House approves hand-held cell phone driving ban
The House of Delegates just voted 125-14 to approve an historic ban on driving while using a hand-held cell phone after rejecting a series of amendments.
Because the Senate has already passed the bill in the same form, the measure goes to Gov. Martin O'Malley, who has said he will sign it.
The bill makes a driver's use of a hand-held cell phone while a vehicle is in motion a secondary offense, which means a police officer could not pull over a motorist unless the officer observes another violation. The bill makes a first offense punishable by a $40 ticket; subsequent violations carry a $100 fine.
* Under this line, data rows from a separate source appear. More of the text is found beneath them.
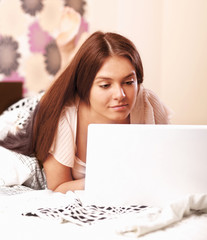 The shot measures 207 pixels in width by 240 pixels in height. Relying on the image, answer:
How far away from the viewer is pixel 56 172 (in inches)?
60.2

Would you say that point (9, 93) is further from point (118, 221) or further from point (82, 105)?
point (118, 221)

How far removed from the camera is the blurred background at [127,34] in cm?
257

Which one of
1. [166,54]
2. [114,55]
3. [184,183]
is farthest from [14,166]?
[166,54]

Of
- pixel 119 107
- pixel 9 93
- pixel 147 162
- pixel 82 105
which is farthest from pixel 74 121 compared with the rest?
pixel 9 93

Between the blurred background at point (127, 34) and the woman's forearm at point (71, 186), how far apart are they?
133 cm

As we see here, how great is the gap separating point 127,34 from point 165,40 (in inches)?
11.1

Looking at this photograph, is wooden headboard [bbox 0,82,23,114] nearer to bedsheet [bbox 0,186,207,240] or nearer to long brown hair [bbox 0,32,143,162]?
long brown hair [bbox 0,32,143,162]

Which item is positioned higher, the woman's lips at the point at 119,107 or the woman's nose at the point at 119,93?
the woman's nose at the point at 119,93

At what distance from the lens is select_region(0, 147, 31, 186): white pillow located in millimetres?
1519

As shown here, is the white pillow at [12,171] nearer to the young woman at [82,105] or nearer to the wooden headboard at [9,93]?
the young woman at [82,105]

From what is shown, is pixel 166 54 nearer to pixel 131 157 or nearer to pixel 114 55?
pixel 114 55

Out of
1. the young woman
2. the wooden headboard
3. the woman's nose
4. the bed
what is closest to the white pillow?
the young woman

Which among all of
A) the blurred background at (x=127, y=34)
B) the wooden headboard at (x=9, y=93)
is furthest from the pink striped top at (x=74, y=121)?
the wooden headboard at (x=9, y=93)

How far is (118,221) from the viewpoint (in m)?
0.95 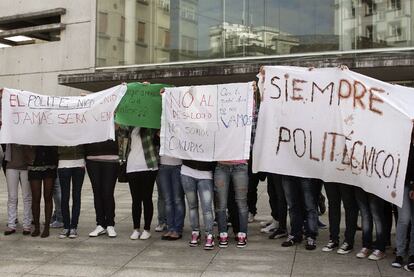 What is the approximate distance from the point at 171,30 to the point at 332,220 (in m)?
14.6

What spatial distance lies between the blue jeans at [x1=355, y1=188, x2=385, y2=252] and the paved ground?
0.27 metres

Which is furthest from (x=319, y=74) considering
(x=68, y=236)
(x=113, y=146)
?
(x=68, y=236)

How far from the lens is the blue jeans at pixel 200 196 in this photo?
662 centimetres

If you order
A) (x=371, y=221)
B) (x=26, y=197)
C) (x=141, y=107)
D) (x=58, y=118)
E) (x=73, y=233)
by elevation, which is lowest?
(x=73, y=233)

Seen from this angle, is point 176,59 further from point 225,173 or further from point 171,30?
point 225,173

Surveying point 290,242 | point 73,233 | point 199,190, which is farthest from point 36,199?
point 290,242

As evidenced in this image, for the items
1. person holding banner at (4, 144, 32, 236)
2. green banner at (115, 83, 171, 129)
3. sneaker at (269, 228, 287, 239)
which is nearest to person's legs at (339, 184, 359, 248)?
sneaker at (269, 228, 287, 239)

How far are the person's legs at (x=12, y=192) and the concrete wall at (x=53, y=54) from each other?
14749mm

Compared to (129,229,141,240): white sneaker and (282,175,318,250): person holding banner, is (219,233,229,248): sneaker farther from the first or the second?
(129,229,141,240): white sneaker

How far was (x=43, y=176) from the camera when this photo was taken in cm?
737

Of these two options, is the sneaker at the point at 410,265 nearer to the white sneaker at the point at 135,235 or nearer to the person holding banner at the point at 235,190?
A: the person holding banner at the point at 235,190

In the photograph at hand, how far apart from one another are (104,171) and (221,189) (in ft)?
5.85

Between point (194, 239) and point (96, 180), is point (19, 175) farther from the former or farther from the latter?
point (194, 239)

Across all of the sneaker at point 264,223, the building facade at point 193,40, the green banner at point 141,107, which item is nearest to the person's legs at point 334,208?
the sneaker at point 264,223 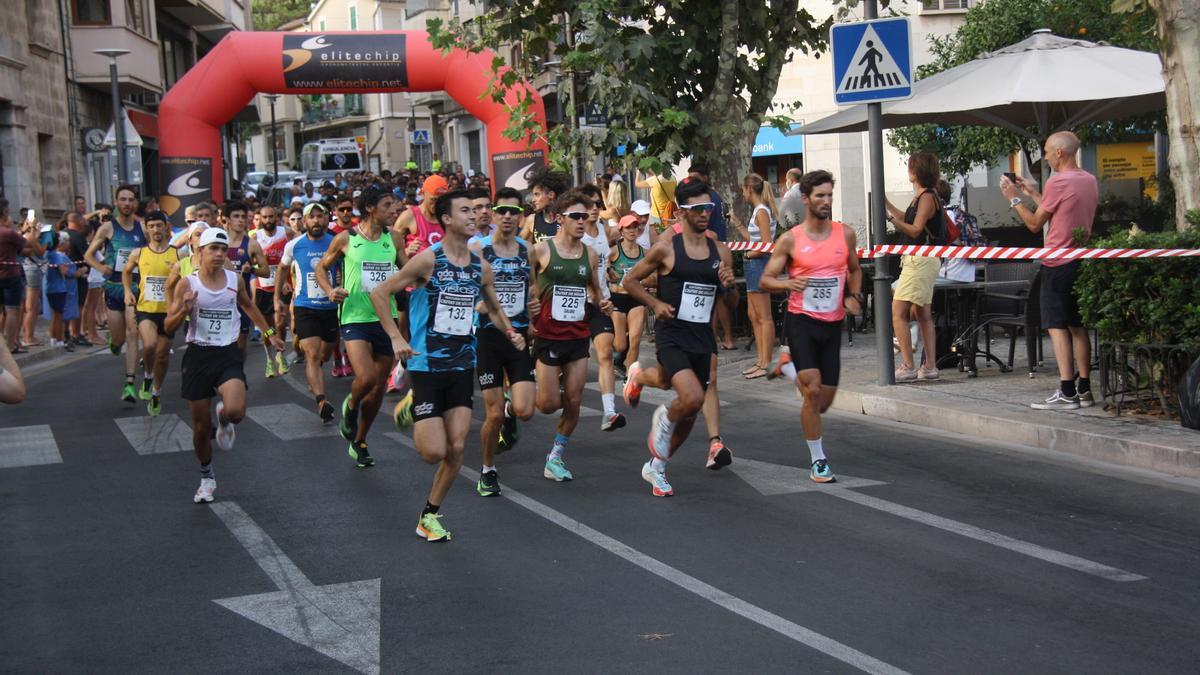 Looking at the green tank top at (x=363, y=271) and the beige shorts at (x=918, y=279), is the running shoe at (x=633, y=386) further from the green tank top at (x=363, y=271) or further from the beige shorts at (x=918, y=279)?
the beige shorts at (x=918, y=279)

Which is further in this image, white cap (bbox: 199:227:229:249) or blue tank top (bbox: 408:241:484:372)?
white cap (bbox: 199:227:229:249)

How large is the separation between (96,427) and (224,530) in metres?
5.23

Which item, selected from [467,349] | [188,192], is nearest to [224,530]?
[467,349]

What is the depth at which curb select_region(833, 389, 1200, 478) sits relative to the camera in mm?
8734

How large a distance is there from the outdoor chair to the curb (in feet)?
5.34

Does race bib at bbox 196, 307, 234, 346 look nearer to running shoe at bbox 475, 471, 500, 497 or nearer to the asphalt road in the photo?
the asphalt road

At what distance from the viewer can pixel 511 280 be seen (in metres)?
9.34

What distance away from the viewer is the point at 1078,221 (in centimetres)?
1080

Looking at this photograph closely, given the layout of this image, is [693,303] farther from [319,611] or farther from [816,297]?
[319,611]

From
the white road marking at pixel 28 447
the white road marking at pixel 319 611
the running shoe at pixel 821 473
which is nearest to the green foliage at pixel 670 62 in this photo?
the white road marking at pixel 28 447

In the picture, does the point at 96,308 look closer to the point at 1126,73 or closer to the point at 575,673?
the point at 1126,73

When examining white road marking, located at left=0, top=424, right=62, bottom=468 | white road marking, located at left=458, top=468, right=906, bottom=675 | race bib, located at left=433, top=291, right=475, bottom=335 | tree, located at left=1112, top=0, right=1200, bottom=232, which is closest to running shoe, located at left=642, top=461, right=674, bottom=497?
white road marking, located at left=458, top=468, right=906, bottom=675

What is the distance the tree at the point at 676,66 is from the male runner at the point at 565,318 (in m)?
6.51

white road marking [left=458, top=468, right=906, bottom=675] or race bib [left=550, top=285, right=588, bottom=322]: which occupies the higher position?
race bib [left=550, top=285, right=588, bottom=322] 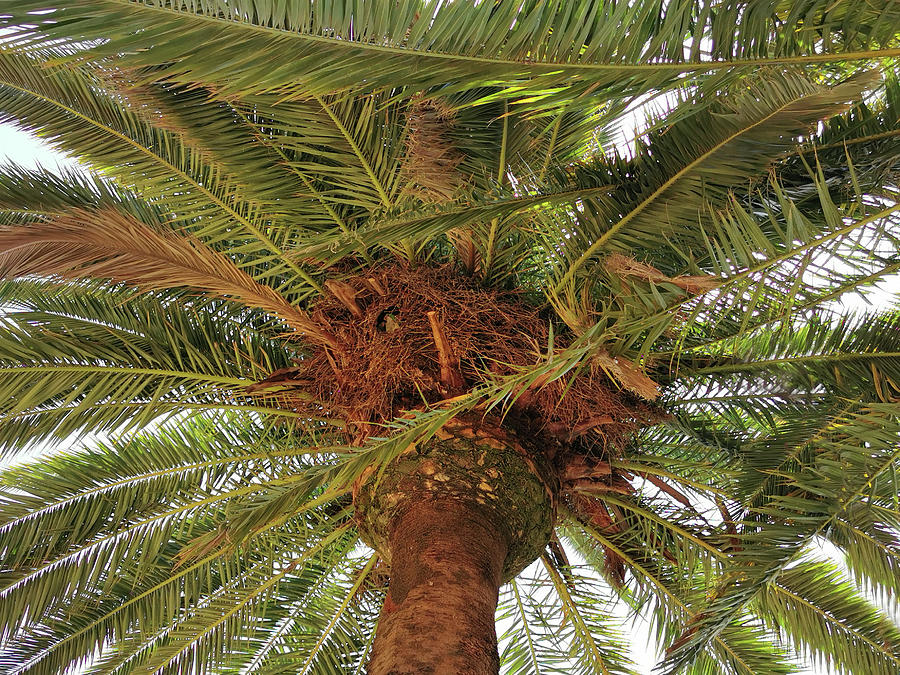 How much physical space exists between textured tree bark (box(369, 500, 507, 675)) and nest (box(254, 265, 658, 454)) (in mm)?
748

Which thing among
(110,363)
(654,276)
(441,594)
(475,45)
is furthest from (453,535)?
(110,363)

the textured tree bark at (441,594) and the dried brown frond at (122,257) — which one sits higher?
the dried brown frond at (122,257)

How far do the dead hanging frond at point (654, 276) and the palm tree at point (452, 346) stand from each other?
0.03 meters

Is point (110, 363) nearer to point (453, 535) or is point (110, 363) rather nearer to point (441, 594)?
point (453, 535)

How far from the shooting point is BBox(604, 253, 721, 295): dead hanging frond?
284 cm

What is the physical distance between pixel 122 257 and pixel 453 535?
6.78 ft

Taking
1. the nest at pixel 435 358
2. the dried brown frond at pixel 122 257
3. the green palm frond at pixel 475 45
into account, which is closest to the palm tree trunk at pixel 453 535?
the nest at pixel 435 358

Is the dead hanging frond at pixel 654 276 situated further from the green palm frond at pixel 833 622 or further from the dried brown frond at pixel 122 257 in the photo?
the green palm frond at pixel 833 622

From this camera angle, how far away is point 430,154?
3.98 meters

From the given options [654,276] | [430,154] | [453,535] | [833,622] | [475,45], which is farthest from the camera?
[833,622]

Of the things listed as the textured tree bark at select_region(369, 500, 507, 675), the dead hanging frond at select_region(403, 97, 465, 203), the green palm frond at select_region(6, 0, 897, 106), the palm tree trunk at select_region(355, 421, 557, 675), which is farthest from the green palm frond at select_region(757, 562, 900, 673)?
the green palm frond at select_region(6, 0, 897, 106)

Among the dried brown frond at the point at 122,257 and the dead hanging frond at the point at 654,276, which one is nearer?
the dead hanging frond at the point at 654,276

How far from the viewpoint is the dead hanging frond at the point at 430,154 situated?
396cm

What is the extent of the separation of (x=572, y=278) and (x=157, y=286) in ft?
6.90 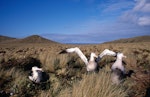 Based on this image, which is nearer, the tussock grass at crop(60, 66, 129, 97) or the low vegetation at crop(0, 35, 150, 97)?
the tussock grass at crop(60, 66, 129, 97)

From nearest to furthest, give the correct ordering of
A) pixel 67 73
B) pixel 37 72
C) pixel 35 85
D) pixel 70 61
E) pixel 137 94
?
pixel 137 94 < pixel 35 85 < pixel 37 72 < pixel 67 73 < pixel 70 61

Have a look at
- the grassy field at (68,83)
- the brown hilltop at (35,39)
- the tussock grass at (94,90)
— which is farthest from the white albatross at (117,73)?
the brown hilltop at (35,39)

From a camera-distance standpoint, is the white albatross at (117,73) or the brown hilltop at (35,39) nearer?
the white albatross at (117,73)

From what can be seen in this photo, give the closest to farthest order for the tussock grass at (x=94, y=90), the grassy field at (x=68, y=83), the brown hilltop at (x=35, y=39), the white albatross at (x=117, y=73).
Result: the tussock grass at (x=94, y=90)
the grassy field at (x=68, y=83)
the white albatross at (x=117, y=73)
the brown hilltop at (x=35, y=39)

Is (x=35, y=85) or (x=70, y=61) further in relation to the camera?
(x=70, y=61)

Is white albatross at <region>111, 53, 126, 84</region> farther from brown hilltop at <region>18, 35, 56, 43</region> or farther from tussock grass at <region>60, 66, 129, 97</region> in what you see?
brown hilltop at <region>18, 35, 56, 43</region>

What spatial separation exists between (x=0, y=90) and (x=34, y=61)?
3.71 meters

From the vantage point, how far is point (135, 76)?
630cm

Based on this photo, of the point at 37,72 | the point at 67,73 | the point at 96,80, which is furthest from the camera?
the point at 67,73

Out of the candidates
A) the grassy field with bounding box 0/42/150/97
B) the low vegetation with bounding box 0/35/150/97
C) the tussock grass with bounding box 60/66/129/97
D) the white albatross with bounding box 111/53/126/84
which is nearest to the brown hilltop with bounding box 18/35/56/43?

The ban does not apply to hand-free calling such as that using Bluetooth devices.
The bill is named after the late Del. John S. Arnick, who introduced the first legislation addressing driving while using a cell phone more than a decade ago.
Del. Maggie McIntosh, chairwoman of the committee that unanimously approved the legislation, recalled that when Arnick first introduced the measure, hundreds of people would come to testify against it. Among the fierce opponents in those days were real estate agencts and the cellular phone companies themselves.
THis year, she said, not one person signed up in opposition.
McIntosh said that when Arnick introduced the original bill, there were two things you could do with a cell phone: make a call or receive a call.
Now, she said, "you can play games, tou can get on Facebook, you can tweet" -- among many other functions she listed.
"We all know that people are multitasking. They're not just making phone calls," she said.
But Del. Michael Smigiel, a Cecil County Republican who offered a series of amendments that failed by crushing margins, said drivers were also subject to many distraction that don't involve cell phones -- shaving, applying makeup, reading books and newspapers among them.
"You can't legislate everything people do behind the wheel," he said. "Protect our freeedoms. Stop the nanny state."
The strong House vote contrasts with the narrow, 24-23 margin by which the measure passed the Senate. In the Senate, most Republicans opposed the bill, but in the House more than half supported it on the final vote.